Rispetto allo stesso periodo del 2019, ossia l’ultimo anno pre-pandemia, mancano ancora all’appello circa 20 milioni di passeggeri, pari ad una riduzione del 23,5%. Tale dato ha tuttavia subito l’influenza non solo delle restrizioni agli spostamenti da e verso diversi Paesi comunitari e non, ma anche del deflagrare della guerra in Ucraina che ha comportato, e comporta tutt’ora, una serie di complessità relative agli spostamenti aerei.
Dopo la pandemia, la guerra tiene gli aerei a terra
E infatti, oltre alle ovvie limitazioni al sorvolo delle zone coinvolte dal conflitto e alle sanzioni imposte a Mosca (con sostanziale soppressione di tutte le rotte da e per la Russia), la crisi bellica ha aumentato enormemente il prezzo del petrolio, generando un grave problema per i vettori. La crisi dei prezzi dei carburanti più vicina in termini temporali è quella successiva alle depressioni legate ai mutui subprime verificatesi tra il 2007 e 2008, negli Stati Uniti prima e in Europa poi. In quel caso, si è stimato che circa il 60% del prezzo relativo all’aumento del costo del carburante venne riversato sulle tariffe pagate dai viaggiatori al momento dell’acquisto. Nella situazione attuale, all’aumento dei costi del jet fuel va aggiunto un secondo fattore determinante: la faticosa ripresa delle compagnie aeree dalla catastrofe economica causata dai quasi due anni di pandemia, evento che già di per sé avrebbe presumibilmente dato luogo a un aumento generalizzato dei prezzi per i passeggeri.

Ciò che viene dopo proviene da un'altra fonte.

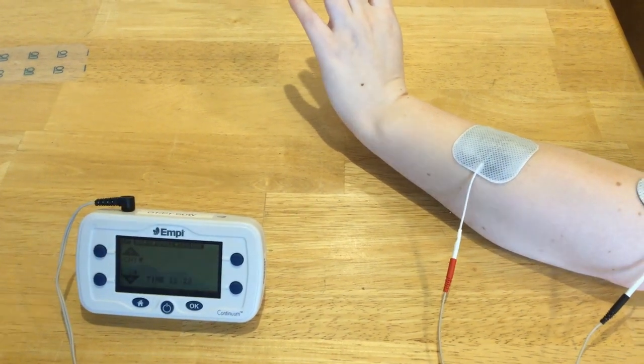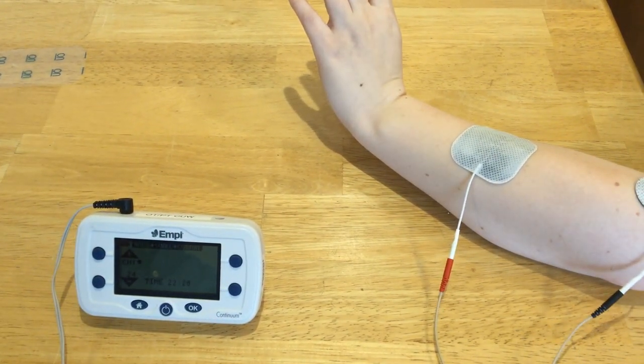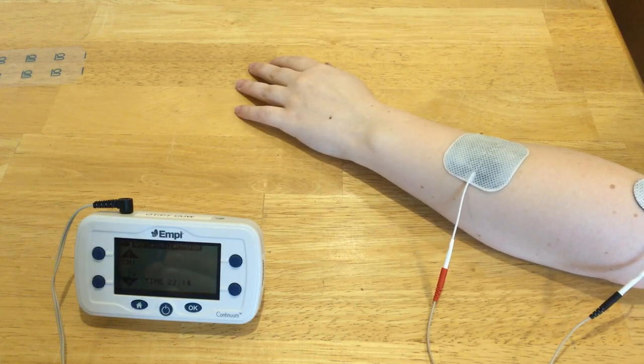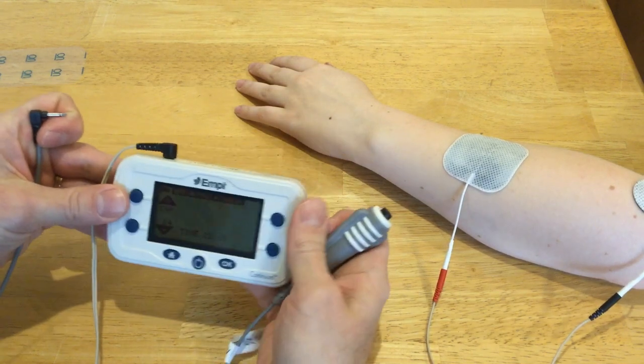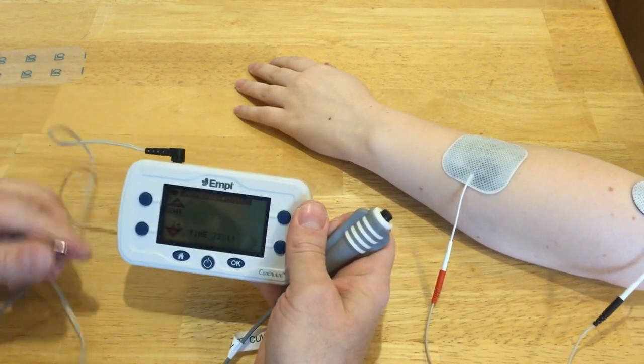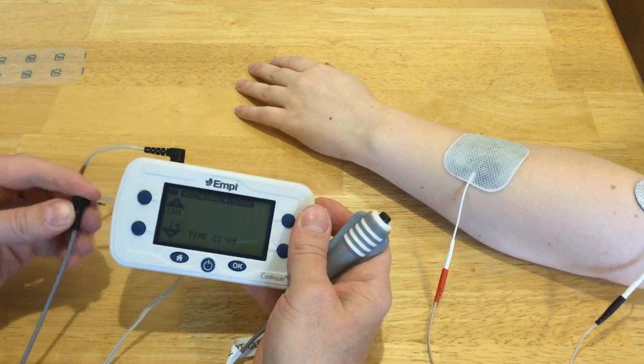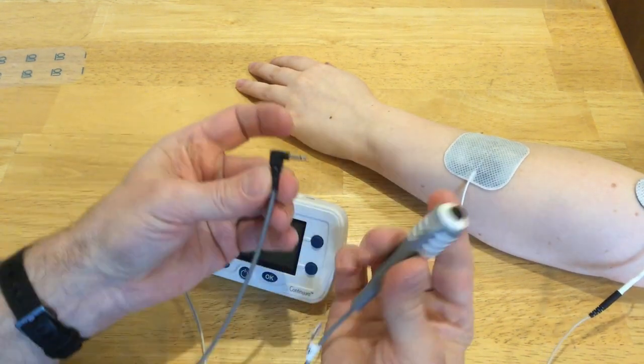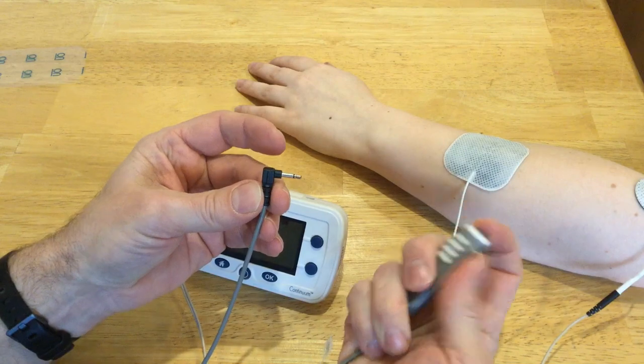Now I want to show you one other thing, now that we've found our radial wrist extensors. Let's pretend that my client had a radial nerve palsy and I wanted to selectively stimulate that radial nerve during functional activities. Here I have a switch — it's just an on-off switch.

Se pure il raffronto con i dati dello scorso anno potrebbe risultare poco indicativo data la scarsità di domanda per via della pandemia ancora in atto e in assenza di alcune voci di costo delle compagnie (come nel caso del carburante), un’indagine compiuta dal Codacons sui costi collegati al trasporto aereo di linea e le più recenti pubblicazioni ISTAT hanno riscontrato un diffuso aumento del prezzo medio dei biglietti aerei, con una previsione per il 2023 di sovrapprezzo ricompreso in media tra il 10 e il 20% per volo rispetto al 2019, con picchi fino al 25% per la stagione estiva, periodo in cui tradizionalmente si registra un fisiologico aumento dei prezzi dati i volumi di domanda strutturalmente più elevati.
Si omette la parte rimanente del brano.